Using my ex for example, excuses were: we don't own a home yet, we only have one car, we dont earn enough to pay for their food, clothes, diapers. And yes, that was true but somehow we always made it through. An older neighbor upstairs gave us the crib her kids had used, we received lots of 2nd hand clothes from friends, used church food bank, he got laid off often during the downsizing epidemic, worked temp and I had to take on jobs I could do from home, phone calling for donation pick up before companies went automated for one.... and somehow we always ended up solving each financial crisis as it reared its head, in between the times when we were making ends meet. But its been a never ending battle. I am remarried and the husband and I have had our good financial times and right now are in a hard one, homeless, but the bright spot is that we have each other by our sides, the one anchor we know we can rely on, the bright spot that helps us to continue to want to face each day and struggle on as we face all of lifes' storms. If he isn't that kind of person who is looking for his true love who will also be his anchor in life, and there's no way to know if he will ever reach that spot of being that kind of guy and ready for a mate in his life, then any time you give him hoping for that with him, is a waste.

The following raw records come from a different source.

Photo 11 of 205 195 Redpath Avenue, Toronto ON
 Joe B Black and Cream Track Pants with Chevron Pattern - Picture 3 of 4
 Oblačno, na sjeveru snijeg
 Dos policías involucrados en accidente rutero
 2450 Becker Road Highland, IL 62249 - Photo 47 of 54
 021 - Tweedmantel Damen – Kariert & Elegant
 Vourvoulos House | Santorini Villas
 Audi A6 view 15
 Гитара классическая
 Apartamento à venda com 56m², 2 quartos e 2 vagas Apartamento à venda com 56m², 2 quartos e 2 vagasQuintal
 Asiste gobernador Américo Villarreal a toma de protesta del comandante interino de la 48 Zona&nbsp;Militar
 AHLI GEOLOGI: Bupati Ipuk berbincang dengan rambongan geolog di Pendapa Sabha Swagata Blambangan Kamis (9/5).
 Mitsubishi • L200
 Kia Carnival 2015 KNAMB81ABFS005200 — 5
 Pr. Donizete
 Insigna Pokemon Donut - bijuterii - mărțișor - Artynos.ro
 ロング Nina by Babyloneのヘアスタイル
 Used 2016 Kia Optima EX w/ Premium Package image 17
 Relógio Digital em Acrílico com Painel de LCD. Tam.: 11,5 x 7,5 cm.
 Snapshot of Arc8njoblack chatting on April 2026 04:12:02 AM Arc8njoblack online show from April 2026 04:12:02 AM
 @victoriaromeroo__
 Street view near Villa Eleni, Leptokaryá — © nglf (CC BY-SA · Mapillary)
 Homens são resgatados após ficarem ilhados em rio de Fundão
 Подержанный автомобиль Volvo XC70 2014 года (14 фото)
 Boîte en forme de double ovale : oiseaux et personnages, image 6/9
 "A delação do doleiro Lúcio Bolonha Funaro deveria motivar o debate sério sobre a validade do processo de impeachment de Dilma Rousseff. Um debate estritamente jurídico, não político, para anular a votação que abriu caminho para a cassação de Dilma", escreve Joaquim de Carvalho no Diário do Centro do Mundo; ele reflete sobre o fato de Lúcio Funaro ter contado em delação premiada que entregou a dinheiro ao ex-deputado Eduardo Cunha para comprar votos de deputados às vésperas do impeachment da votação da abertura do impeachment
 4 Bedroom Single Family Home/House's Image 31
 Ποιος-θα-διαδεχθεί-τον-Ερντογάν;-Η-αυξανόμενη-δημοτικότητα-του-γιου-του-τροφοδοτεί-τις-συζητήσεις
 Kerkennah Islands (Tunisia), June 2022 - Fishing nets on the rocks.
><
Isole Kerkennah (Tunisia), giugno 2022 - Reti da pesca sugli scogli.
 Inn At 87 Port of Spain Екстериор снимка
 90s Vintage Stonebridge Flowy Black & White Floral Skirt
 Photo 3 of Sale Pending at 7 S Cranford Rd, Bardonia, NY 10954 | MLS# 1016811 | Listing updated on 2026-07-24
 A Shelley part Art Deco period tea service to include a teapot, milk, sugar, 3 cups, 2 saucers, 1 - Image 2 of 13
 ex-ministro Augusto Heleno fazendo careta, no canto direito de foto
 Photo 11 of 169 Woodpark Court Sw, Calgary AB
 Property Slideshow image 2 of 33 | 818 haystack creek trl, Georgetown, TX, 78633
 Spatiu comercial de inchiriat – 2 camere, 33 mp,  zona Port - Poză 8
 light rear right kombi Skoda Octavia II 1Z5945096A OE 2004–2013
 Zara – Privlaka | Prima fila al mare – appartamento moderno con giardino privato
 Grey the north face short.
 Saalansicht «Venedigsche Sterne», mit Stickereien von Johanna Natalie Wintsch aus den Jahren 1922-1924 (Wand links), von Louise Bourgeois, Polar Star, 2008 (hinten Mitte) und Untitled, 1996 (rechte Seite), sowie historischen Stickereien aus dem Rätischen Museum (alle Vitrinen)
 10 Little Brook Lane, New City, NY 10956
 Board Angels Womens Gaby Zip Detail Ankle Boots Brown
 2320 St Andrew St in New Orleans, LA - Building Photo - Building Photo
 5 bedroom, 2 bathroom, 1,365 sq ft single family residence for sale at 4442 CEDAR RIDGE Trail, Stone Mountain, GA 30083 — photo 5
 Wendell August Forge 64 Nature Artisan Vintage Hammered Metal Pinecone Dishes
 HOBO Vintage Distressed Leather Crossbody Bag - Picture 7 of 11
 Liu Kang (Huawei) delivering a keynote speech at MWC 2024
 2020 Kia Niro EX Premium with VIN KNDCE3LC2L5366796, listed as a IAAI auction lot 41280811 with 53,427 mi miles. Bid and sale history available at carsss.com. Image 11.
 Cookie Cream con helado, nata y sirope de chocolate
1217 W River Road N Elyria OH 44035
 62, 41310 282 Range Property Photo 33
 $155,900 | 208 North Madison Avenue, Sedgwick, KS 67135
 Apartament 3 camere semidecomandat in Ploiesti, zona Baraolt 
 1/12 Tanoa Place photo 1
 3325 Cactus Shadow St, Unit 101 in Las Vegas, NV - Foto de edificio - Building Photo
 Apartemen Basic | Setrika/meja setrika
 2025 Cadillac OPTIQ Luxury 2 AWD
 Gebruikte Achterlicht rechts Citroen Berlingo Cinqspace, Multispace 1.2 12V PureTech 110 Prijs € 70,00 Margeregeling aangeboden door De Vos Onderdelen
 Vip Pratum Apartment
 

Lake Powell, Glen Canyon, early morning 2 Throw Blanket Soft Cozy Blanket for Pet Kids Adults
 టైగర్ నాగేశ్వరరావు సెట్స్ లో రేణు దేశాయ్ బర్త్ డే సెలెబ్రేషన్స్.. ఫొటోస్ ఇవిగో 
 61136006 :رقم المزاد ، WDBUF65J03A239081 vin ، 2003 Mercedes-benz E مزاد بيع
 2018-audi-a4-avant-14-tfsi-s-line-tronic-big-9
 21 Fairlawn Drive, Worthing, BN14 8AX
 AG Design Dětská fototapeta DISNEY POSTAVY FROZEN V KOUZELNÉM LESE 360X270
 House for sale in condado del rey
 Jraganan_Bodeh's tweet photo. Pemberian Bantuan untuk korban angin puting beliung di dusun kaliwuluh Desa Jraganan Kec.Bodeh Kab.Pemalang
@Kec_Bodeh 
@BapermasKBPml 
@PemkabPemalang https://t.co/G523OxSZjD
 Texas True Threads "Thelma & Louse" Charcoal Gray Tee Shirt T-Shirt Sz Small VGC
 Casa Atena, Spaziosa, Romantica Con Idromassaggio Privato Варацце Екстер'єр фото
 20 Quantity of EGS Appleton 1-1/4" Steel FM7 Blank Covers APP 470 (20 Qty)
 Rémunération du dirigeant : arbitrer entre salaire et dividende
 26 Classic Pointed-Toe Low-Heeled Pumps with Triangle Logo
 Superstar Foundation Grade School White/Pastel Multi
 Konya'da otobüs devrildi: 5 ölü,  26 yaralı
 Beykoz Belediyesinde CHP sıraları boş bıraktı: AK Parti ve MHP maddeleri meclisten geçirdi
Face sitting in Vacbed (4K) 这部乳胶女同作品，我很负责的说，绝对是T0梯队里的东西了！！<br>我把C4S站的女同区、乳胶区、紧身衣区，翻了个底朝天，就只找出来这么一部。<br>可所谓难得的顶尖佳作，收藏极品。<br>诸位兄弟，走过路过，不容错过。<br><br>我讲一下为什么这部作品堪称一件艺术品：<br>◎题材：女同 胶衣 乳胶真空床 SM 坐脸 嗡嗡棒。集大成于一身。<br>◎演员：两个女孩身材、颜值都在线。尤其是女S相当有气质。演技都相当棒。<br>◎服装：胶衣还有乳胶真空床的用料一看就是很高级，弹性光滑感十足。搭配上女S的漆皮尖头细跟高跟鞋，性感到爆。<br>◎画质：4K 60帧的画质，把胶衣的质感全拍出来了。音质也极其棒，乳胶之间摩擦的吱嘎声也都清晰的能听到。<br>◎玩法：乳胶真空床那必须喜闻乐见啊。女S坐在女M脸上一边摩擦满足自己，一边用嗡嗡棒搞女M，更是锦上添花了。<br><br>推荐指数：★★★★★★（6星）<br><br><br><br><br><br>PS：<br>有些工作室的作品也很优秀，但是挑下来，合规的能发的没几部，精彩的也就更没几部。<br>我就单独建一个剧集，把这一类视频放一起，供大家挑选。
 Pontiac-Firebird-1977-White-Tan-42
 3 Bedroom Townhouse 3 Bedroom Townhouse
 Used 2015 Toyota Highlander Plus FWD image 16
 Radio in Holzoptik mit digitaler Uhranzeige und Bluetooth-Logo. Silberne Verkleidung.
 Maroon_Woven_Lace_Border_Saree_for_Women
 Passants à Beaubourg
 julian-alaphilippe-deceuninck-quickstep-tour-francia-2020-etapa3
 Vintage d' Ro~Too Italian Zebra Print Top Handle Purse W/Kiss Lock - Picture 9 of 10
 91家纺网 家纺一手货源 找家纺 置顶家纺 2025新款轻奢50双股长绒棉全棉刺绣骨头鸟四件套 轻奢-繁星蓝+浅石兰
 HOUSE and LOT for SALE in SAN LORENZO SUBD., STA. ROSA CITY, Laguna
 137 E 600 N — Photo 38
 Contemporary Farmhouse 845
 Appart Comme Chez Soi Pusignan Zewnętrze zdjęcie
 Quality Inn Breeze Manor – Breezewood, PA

Now if he were nothing more than a pen pal, a friend, while you were dating a man with promise in your real face to face life, then theres nothing wrong with working at keeping in touch with him. He has said more to the effect that he wants to cut it off. He isn't being specific with details, just generalizations so he's leaving it vague enough to be able to tell you that you must have misunderstood him that its over and he's breaking up, but he is too chicken to even make a firm real stand and just stay with you or break up. You don't want a wishy washy guy who runs at any hint of troubles and is someone you can't rely on or trust. Best to tell him that he is not ready for a relationship with any female if he isn't ready for unconditional love relationship. He is still looking at the conditions...I can only be with you if...... and that is someone who isn't ready and you don't need to wait your entire life hoping he will somehow magically become ready just because he's older. Older doesnt always means wiser and more life experienced. Some never learn or change.
Its your life. If you want a real guy and a real commitment, then dump him and if you don't mind wishy washy with an on again off again relationship, then stay with him.